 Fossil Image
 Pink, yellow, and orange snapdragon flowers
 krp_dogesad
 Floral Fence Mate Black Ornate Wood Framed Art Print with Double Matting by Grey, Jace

━━━━━━━━━━

§ What the task requires:
Every line of the listing above should be copied word for word.

§ Solution for this task:
 Fossil Image
 Pink, yellow, and orange snapdragon flowers
 krp_dogesad
 Floral Fence Mate Black Ornate Wood Framed Art Print with Double Matting by Grey, Jace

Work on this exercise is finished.